On Mon, May 2, 2011 at 3:50 PM, harrismh777 <harrismh777 at charter.net> wrote:
> Thomas Rachel wrote:
>>>
>>> ... because each recursion level 'return' calls fib() twice, and each of
>>> those calls fib() twice, and you get the point...
>>
>> yes - but they are called one after the other, so the "twice" call
>> counts only for execution speed, not for recursion depth.
>
>>>> def fib(n):
>>>>     if n == 1:
>>>>         return(n)
>>>>     else:
>>>>         return (fib(n-1)+fib(n-2))
>
> They *are not* called one after the other in the sense that there is ever
> only one level of recursion with each call (not at all).
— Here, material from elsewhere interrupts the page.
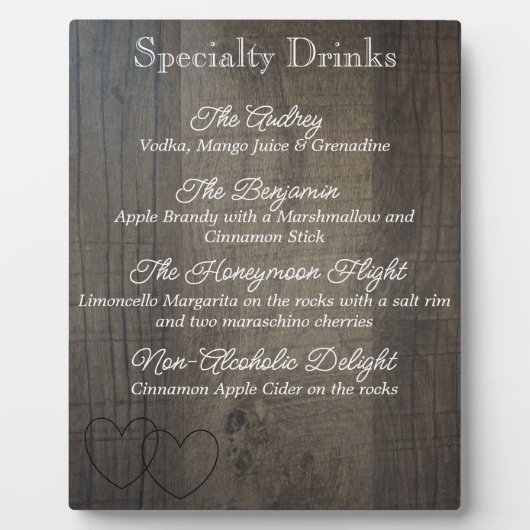 "Wood Look" Drink Menu Plaque Fotoplatte (Vorderseite)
Take a closer look.
> Each call to fib() forces a double head, and each of those forces another
> double head (now four), and so on...

The branching factor has nothing to do with the maximum stack depth.
If you don't believe me, consider this little script:

import inspect
def maxstack(n):
    if n <= 0:
        return len(inspect.stack())
    else:
        return max(maxstack(n-1), maxstack(n-2))
print maxstack(15)

This prints "17".

Now consider this script, which is similar but singly-recursive:

import inspect
def maxstack(n):
    if n <= 0:
        return len(inspect.stack())
    else:
        return maxstack(n-1)
print maxstack(15)

This also prints "17".  Note: they're the same.

>  the recursion depth exception of the
> OP testifies against your theory.

The OP's recursion depth exception was because a malformed base case
made the recursion infinite.  It had nothing to do with the branching
factor.